**Information provided:**

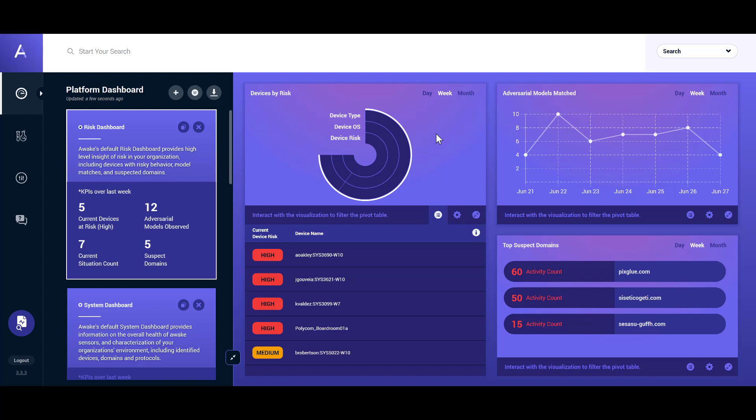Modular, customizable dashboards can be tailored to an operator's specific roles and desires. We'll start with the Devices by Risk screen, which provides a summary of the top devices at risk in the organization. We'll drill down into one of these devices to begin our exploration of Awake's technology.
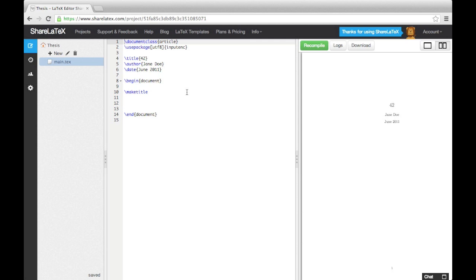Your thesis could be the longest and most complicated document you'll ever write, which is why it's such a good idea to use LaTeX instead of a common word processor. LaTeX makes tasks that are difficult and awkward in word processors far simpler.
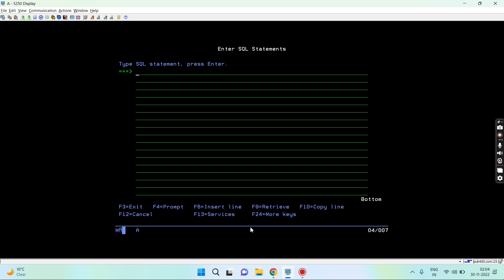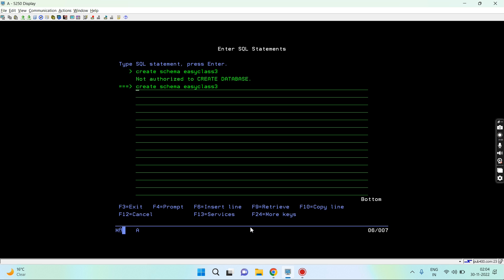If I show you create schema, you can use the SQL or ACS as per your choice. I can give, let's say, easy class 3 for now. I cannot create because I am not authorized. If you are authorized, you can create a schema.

**What you should do:** Reproduce the listing above exactly, but skip the pictures.

**Exercise output:**
Modular, customizable dashboards can be tailored to an operator's specific roles and desires. We'll start with the Devices by Risk screen, which provides a summary of the top devices at risk in the organization. We'll drill down into one of these devices to begin our exploration of Awake's technology.
Your thesis could be the longest and most complicated document you'll ever write, which is why it's such a good idea to use LaTeX instead of a common word processor. LaTeX makes tasks that are difficult and awkward in word processors far simpler.
If I show you create schema, you can use the SQL or ACS as per your choice. I can give, let's say, easy class 3 for now. I cannot create because I am not authorized. If you are authorized, you can create a schema.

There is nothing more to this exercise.